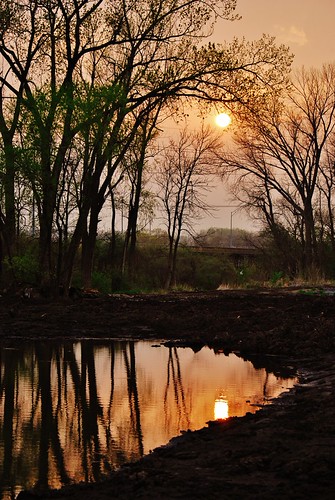 Wetlands Sunset by DiNardo Designs1, Standing on the board walk at Heron Haven looking west after the dredging of the wetlands.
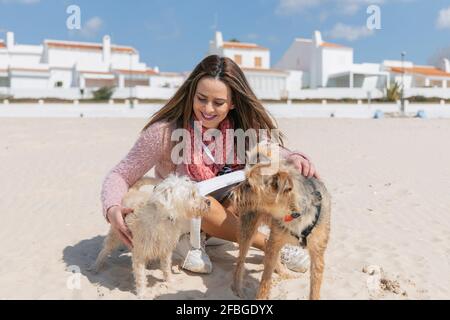 Lächelnde Frau, die mit Hunden auf Sand am Strand sitzt Sonniger Tag Stockfoto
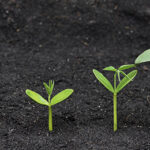 Aiming to fill a gap in the ETF sector, VanEck will release an international growth stock-focused exchange-traded fund.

**Task requirements:**
Except for the pictures, return every line of the material exactly.

**Solution below:**
 Wetlands Sunset by DiNardo Designs1, Standing on the board walk at Heron Haven looking west after the dredging of the wetlands.
 Lächelnde Frau, die mit Hunden auf Sand am Strand sitzt Sonniger Tag Stockfoto
 Aiming to fill a gap in the ETF sector, VanEck will release an international growth stock-focused exchange-traded fund.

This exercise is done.